Bugün Ramazan Bayramı arifesi. Öncelikle şimdiden hepimizin Ramazan Bayramı kutlu, mutlu ve mübarek olsun.

Bugün Ramazan Bayramı arifesi.
Öncelikle şimdiden hepimizin Ramazan Bayramı kutlu, mutlu ve mübarek olsun.
.
Allah hepimize özgürlükler içinde nice bayramlar yaşatsın.
İnsanlarımızın mutlu olduğu, üzülmediği, ezilmediği, adaletli ve ellerini öptüğünüz büyükleriniz, elinizi öptürdüğünüz çocuklarınız ve torunlarınızın olduğu nice bayramlarınız olsun…

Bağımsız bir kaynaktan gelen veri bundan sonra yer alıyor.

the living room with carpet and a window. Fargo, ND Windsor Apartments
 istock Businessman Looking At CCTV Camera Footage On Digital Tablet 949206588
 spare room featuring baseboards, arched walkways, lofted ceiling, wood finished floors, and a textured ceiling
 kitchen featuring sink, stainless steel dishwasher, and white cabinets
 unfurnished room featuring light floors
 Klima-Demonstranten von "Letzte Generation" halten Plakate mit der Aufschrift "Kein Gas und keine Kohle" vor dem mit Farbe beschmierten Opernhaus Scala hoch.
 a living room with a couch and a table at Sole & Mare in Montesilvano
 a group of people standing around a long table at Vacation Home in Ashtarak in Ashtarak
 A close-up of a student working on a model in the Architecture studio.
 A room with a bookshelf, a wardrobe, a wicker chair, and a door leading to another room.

Misafirliğe gittiğiniz akrabalarınız, şeker, çikolata ikram edeceğiniz misafirliğe gelen komşularınız olsun…
Kısaca;
Bayramınız mübarek olsun…
.
Bunları yazarken insan “Eski bayramlar” diye iç geçirmeden yapamıyor.
.
“Nerede o eski bayramlar!”
.
Bayram sabahı erkenden kalkılır, bayram namazından gelen erkekler sonrasında sofraya oturulur ve kahvaltı edilirdi.
Kahvaltı sonunda bayramlıklarımızı giyer, hazırlanırdık.
Saçlar taranır, yeni gıcır ayakkabılar giyilirdi.
Önce evde bir seremoni düzenlenir, en küçükten en büyüğüne kadar bayramlaşılırdı.
Evde genellikle dedeler, nineler de olurdu.
.
Ailece ziyaretlere gidilirdi.
Biz çocuklara mendil verilirdi “Nedense?”
İçine para konurdu, uluorta gözükmesin diye.
Saklanırdı yani, “Çocuk utanmasın” diye olsa gerek.
Ziyaretler bittiğinde biz çocuklar bir olup, kapı kapı harçlık toplamaya çıkardık mahallede.
Kimin şeker, kimin para verdiğini bilirdik.
Aldığımız harçlıklarla “Mantar tabancası, kız kaçıran, torpiller” filan alırdık.
Mahalle savaş alanına dönerdi.
Sonra misketler alınır, başlanırdı o güzelim kıyafetlerle oynanmaya.
Bir de üzerine top oynadık mı, eve geldiğimizde bayramlıkların halini gören anneler çıldırırdı.
Artık zılgıt mı yerdin, sopa mı yerdin bilinmez.
Her annenin tercihi başkaydı.
Ben genelde terlik yemekte ustaydım.
.
Mahalleye davulcu girerdi bahşiş almak için.
Takılırdık peşine sürüyle çocuk olarak.
Kapı kapı dolaşmasına eşlik ederdik ta ki mahalleden çıkana kadar.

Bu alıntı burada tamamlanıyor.